- **DATA SHOWN**:
=== Begin Enclosure ===
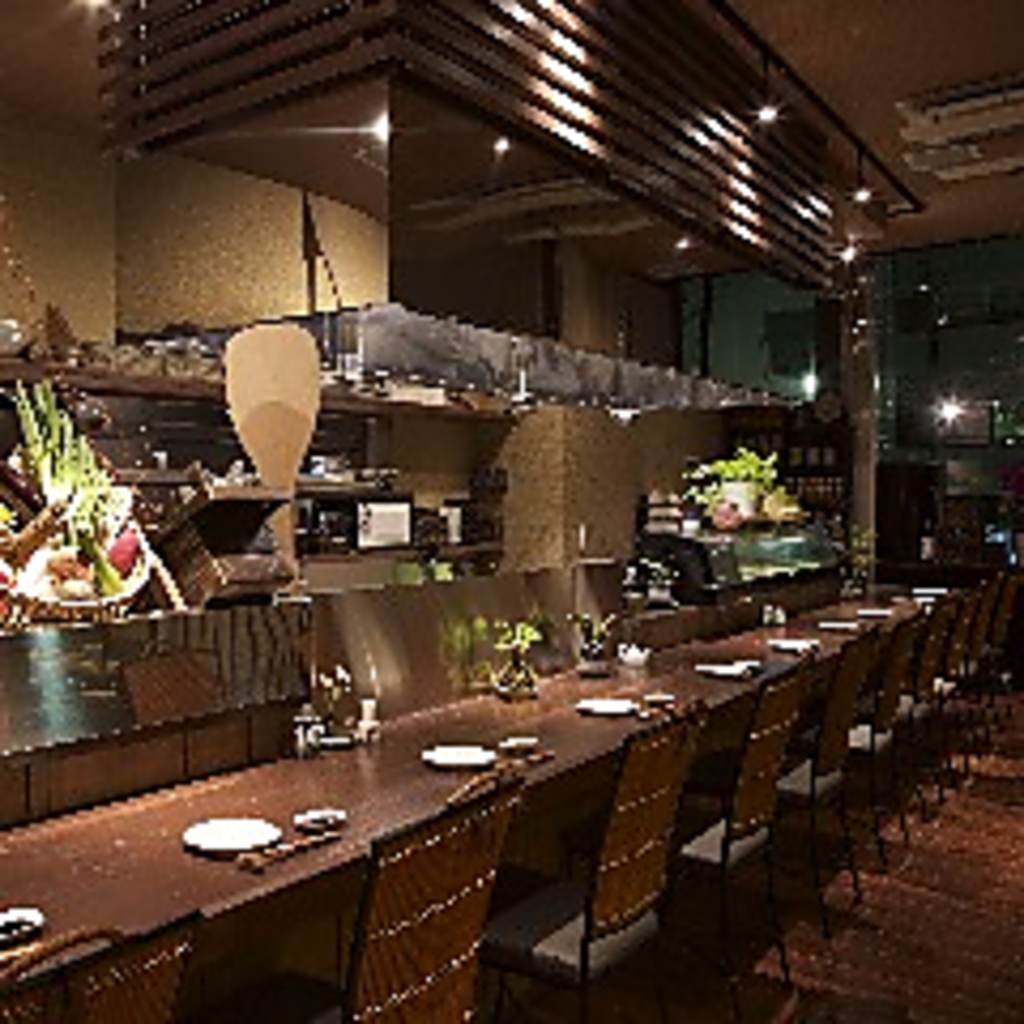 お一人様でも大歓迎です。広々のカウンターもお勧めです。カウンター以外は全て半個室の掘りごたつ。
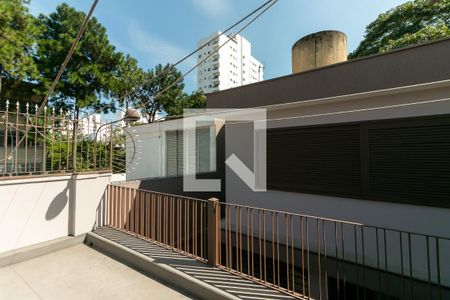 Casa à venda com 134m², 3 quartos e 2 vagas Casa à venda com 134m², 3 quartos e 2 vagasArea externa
=== End Enclosure ===
=== Begin Enclosure ===
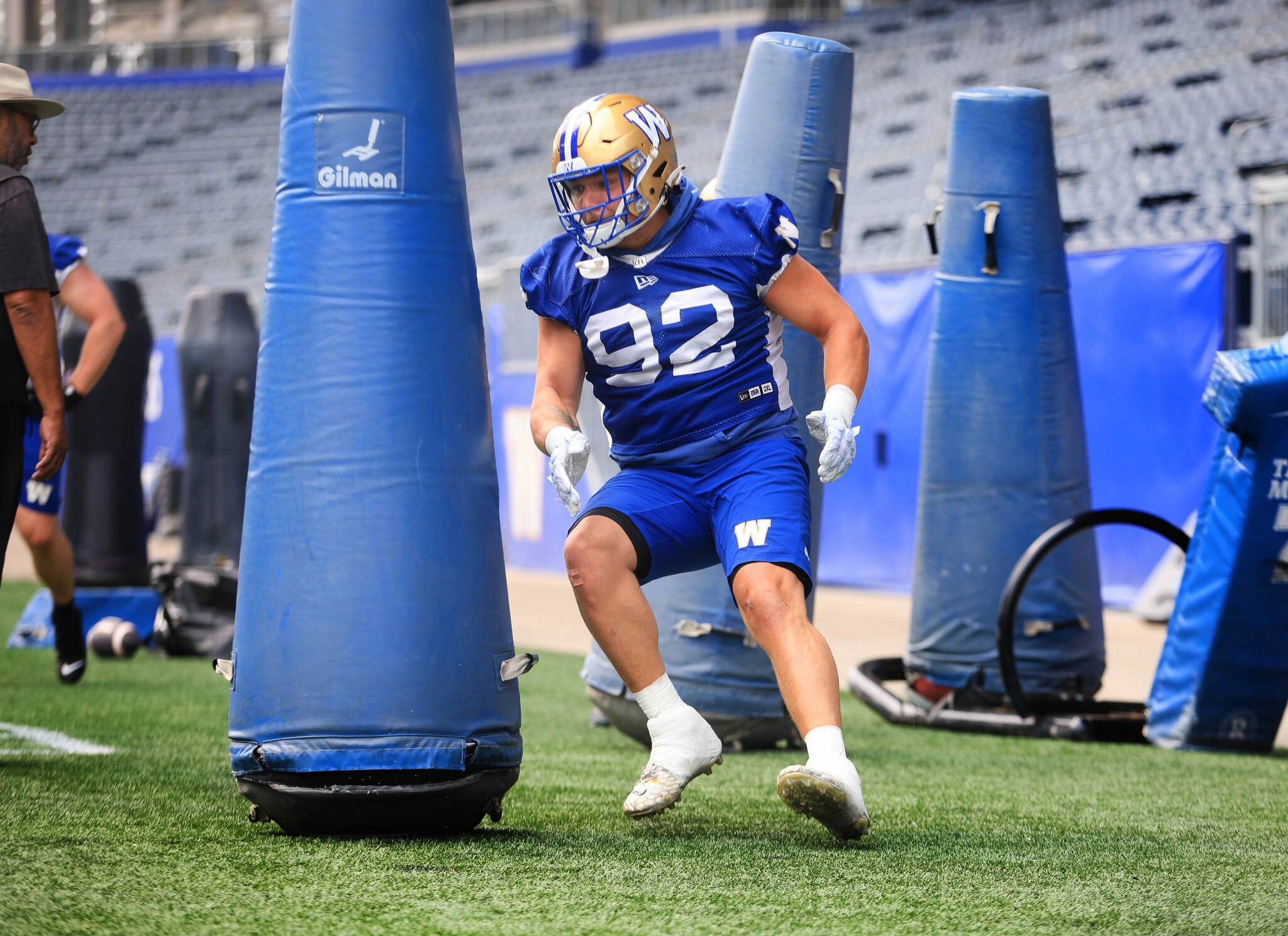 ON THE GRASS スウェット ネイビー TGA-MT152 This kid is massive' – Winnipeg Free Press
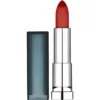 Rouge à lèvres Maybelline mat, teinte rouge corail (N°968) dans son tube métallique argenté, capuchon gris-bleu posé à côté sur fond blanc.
=== End Enclosure ===
=== Begin Enclosure ===
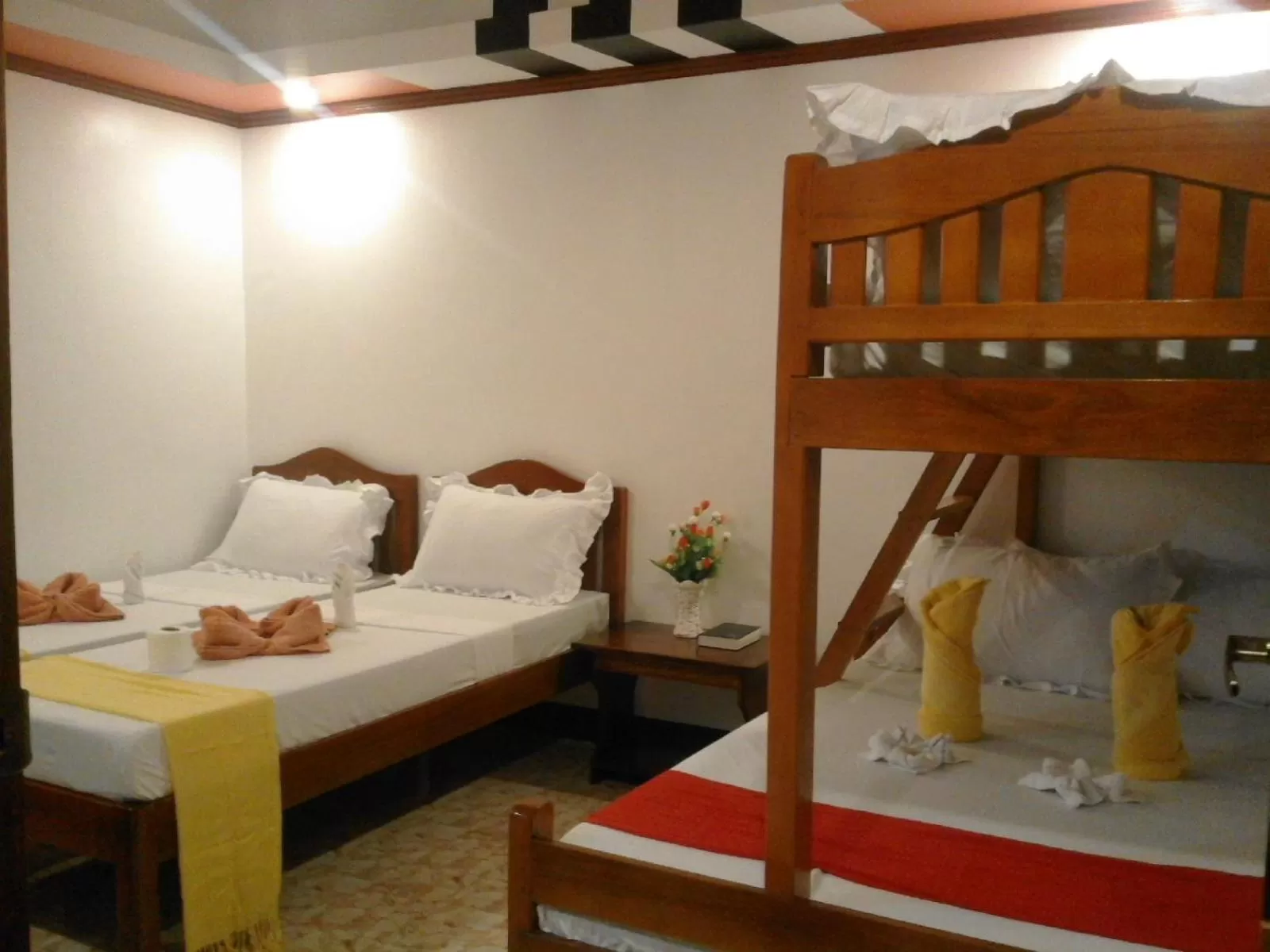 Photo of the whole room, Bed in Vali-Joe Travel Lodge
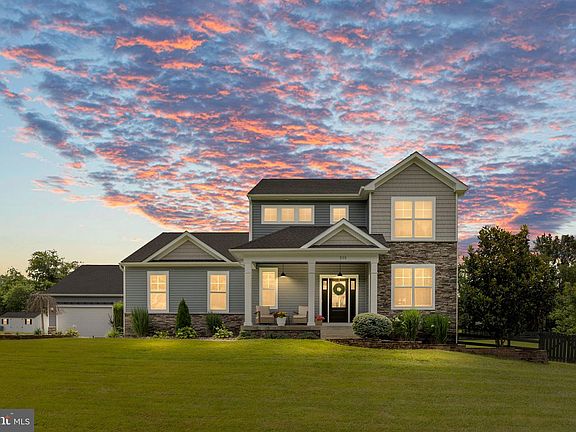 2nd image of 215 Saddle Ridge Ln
=== End Enclosure ===
- **THE PROBLEM**: Give back exactly the lines above from the one with "Photo of the" through the one with "2nd image of 215 Saddle Ridge Ln", both included. Pictures don't belong in the copy.

- **TASK OUTPUT**:
 Photo of the whole room, Bed in Vali-Joe Travel Lodge
 2nd image of 215 Saddle Ridge Ln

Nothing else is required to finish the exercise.